Facing antitrust claims by 48 state attorneys general who filed a lawsuit in December, company attorneys met with the editorial board of the cleveland.com/Plain Dealer and maintained that, contrary to claims of the AGs, it has plenty of competition.
Facebook is alleged to have repeatedly engaged in what New York Attorney General Letitia James has referred to as a “buy-or-bury strategy.” The complaint, as summarized by James on the New York AG website, alleges that “over the last decade, the social networking giant illegally acquired competitors in a predatory manner and cut services to smaller threats — depriving users from the benefits of competition and reducing privacy protections and services along the way — all in an effort to boost its bottom line through increased advertising revenue.”

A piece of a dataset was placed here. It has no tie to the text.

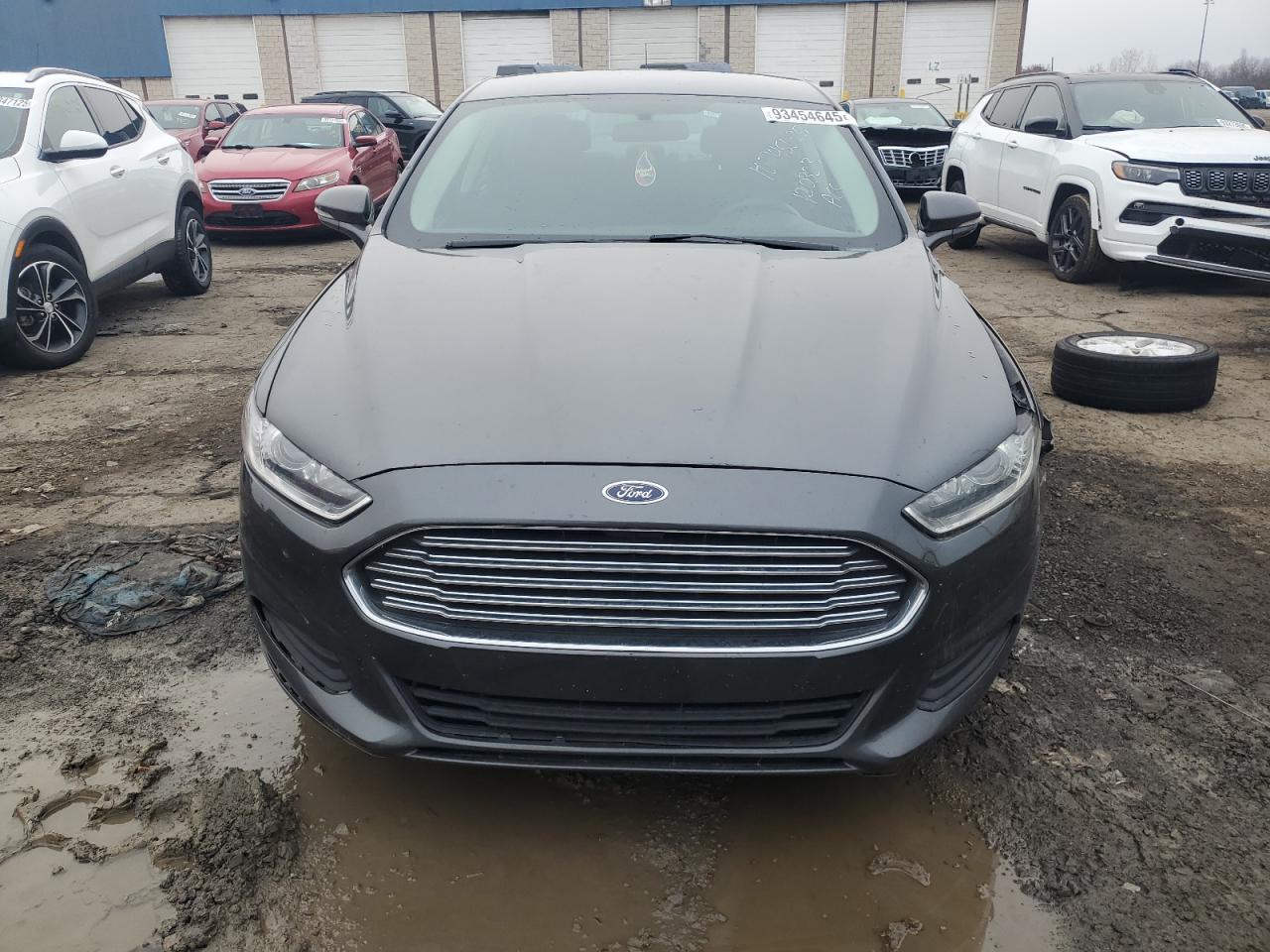 Ford Fusion Se Image 10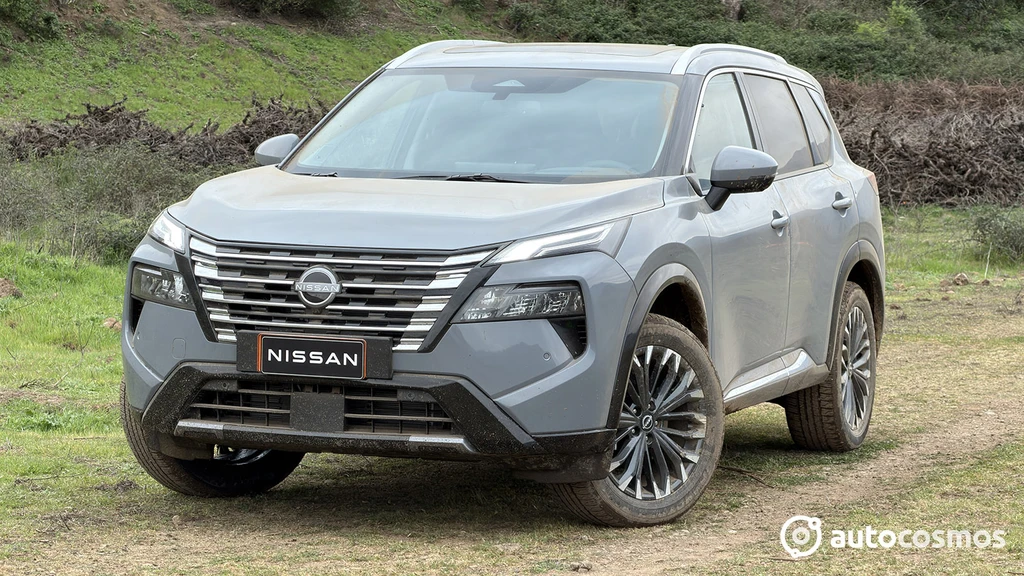 Nissan X-Trail 2026 - Lanzamiento en Chile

In the meeting with Cleveland.com, Kate Patchen, Facebook’s associate general counsel, said this is the wrong time to challenge Facebook’s acquisitions of WhatsApp and Instagram, given they took place years ago. This echoes what Facebook vice president and general counsel Jennifer Newstead had to say soon after the suit was filed on December 9. She called the antitrust case “revisionist history,” and said the single most important fact is that the acquisitions at issue were cleared years ago. The government “now wants to do a do-over,” she said, “sending a chilling warning to American business that no sale is ever final.”
Facebook also maintains that issues raised in this case should be addressed by legislators and regulators, not an antitrust lawsuit. Ohio’s Attorney General, when asked by cleveland.com/Plain Dealer to comment, replied: “Well of course the legislature did act — it’s called the Sherman Antitrust Act of 1890.”